━━━ Stored data ━━━
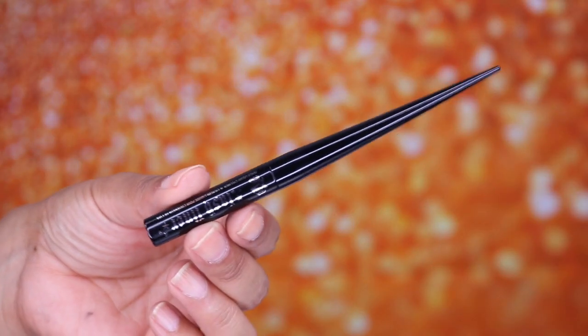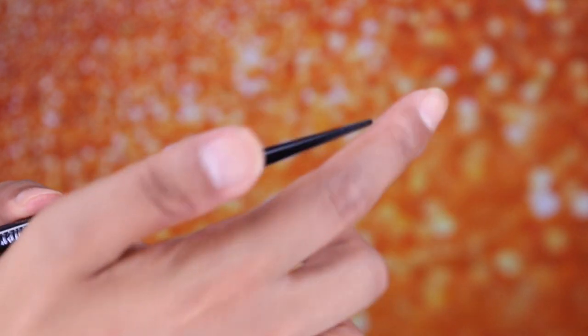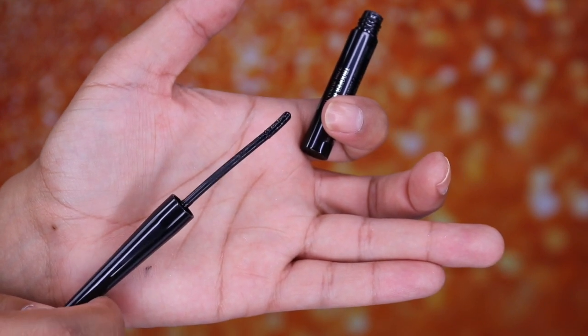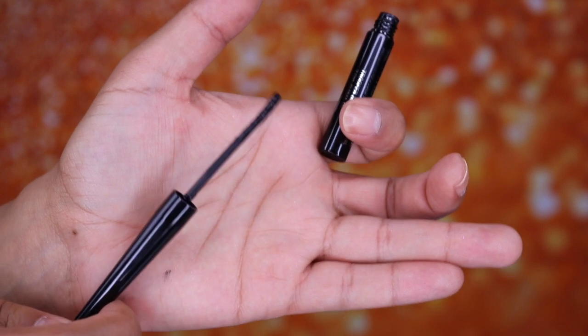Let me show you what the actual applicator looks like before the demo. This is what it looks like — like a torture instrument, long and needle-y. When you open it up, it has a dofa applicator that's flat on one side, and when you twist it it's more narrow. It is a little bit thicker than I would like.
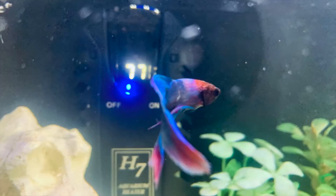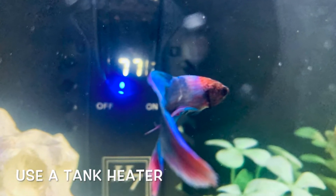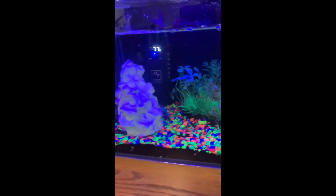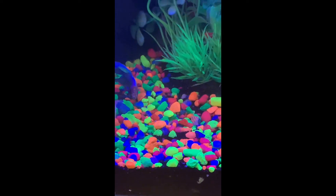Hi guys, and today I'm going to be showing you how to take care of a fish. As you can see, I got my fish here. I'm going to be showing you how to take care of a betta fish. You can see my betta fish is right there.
━━━
━━━ Stored data ━━━
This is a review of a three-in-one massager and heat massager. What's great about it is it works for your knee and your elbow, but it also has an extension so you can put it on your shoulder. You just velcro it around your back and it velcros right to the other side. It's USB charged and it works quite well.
━━━
▸ **Exercise details**: Range to copy from the listing above: the line containing "Let me show" down to the line containing "Hi guys, and", both included. Reproduce it exactly, minus the pictures, and add nothing.

▸ **Response area**:
Let me show you what the actual applicator looks like before the demo. This is what it looks like — like a torture instrument, long and needle-y. When you open it up, it has a dofa applicator that's flat on one side, and when you twist it it's more narrow. It is a little bit thicker than I would like.
Hi guys, and today I'm going to be showing you how to take care of a fish. As you can see, I got my fish here. I'm going to be showing you how to take care of a betta fish. You can see my betta fish is right there.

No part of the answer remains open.